## What is required
Print a faithful copy of the data below, word for word, with the pictures left out.

## Source records
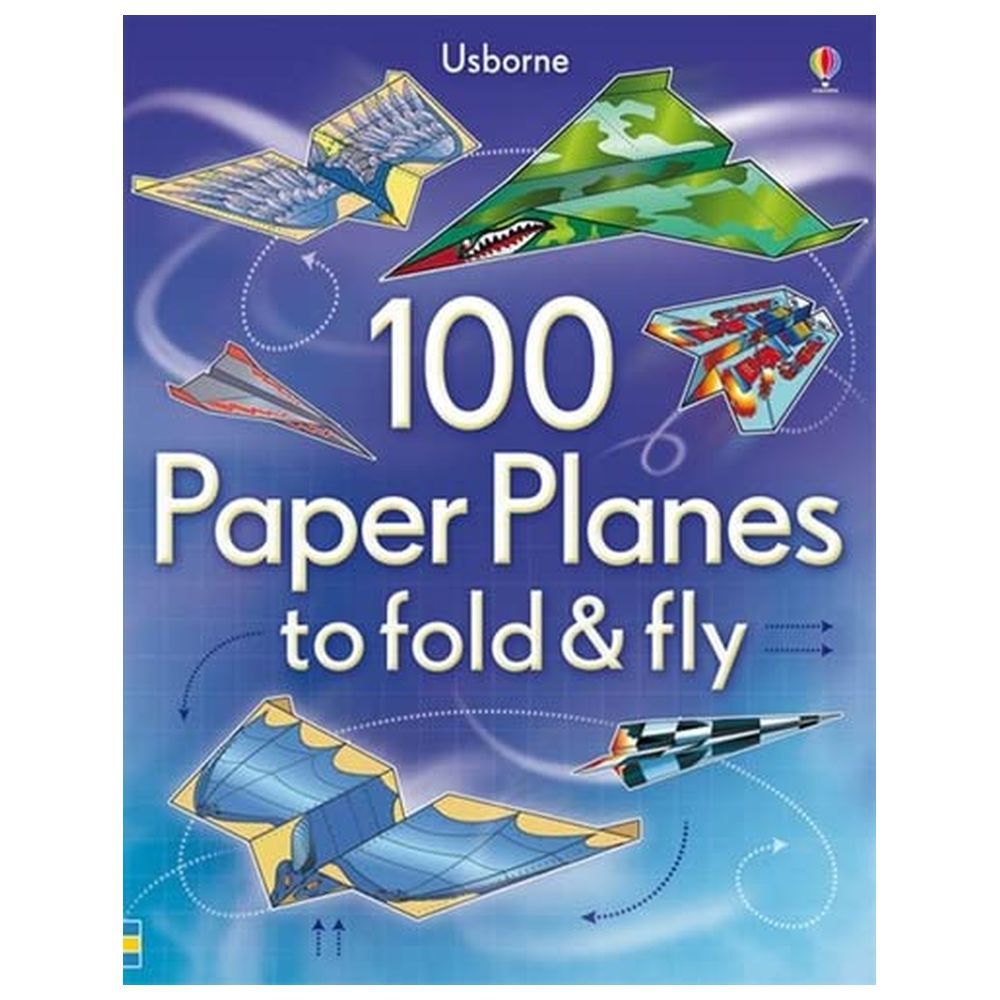 100 Paper Planes to Fold and Fly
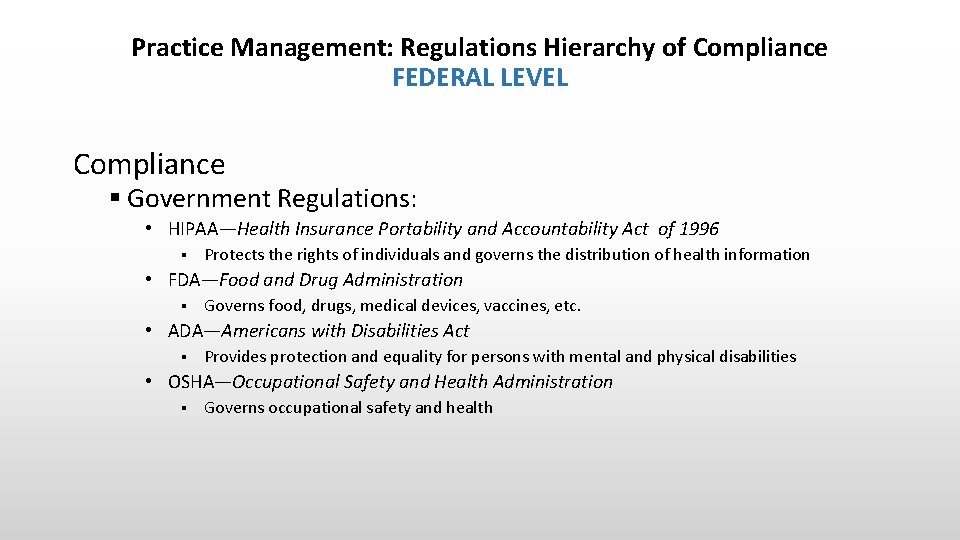 Practice Management: Regulations Hierarchy of Compliance FEDERAL LEVEL Compliance § Government Regulations: • HIPAA—Health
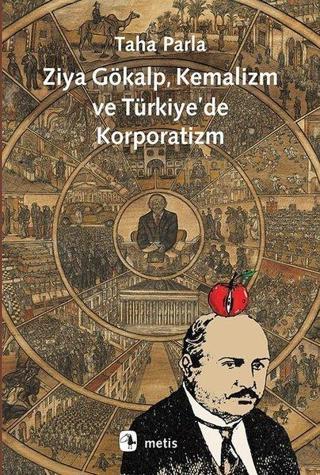 Ziya Gökalp Kemalizm ve Türkiye'de Korporatizm - Taha Parla - Metis Yayınları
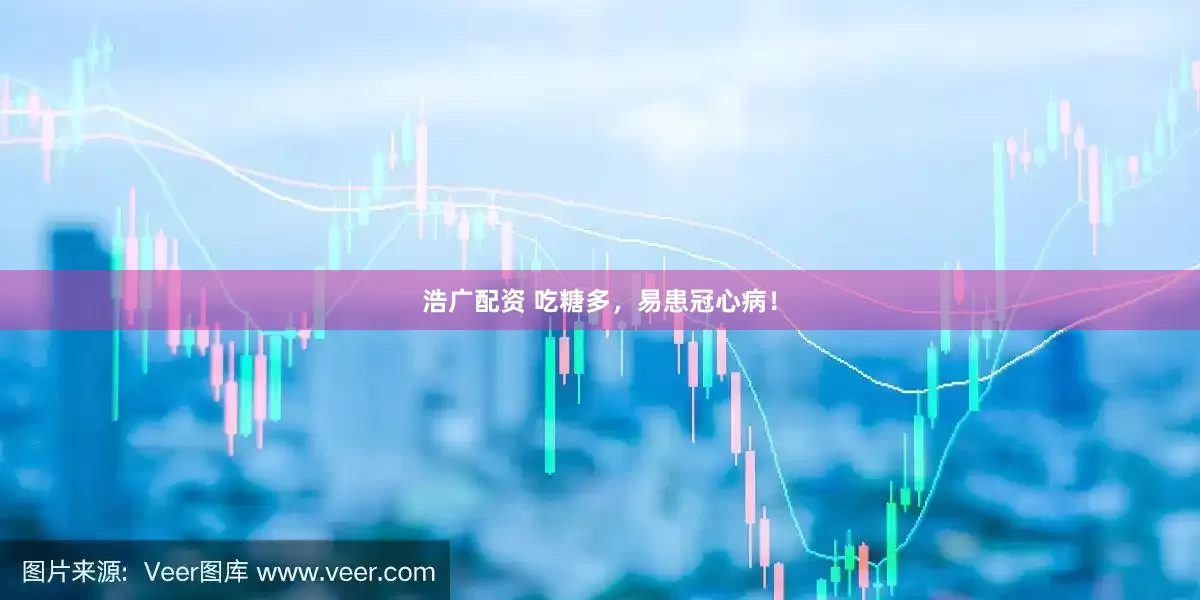 浩广配资 吃糖多，易患冠心病！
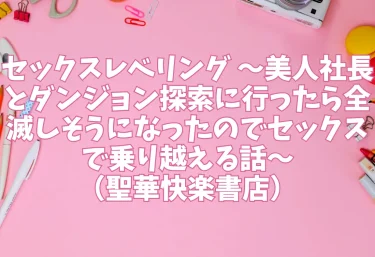 セックスレベリング 〜美人社長とダンジョン探索に行ったら全滅しそうになったのでセックスで乗り越える話〜（聖華快楽書店）【エロ同人】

## Exercise answer
 100 Paper Planes to Fold and Fly
 Practice Management: Regulations Hierarchy of Compliance FEDERAL LEVEL Compliance § Government Regulations: • HIPAA—Health
 Ziya Gökalp Kemalizm ve Türkiye'de Korporatizm - Taha Parla - Metis Yayınları
 浩广配资 吃糖多，易患冠心病！
 セックスレベリング 〜美人社長とダンジョン探索に行ったら全滅しそうになったのでセックスで乗り越える話〜（聖華快楽書店）【エロ同人】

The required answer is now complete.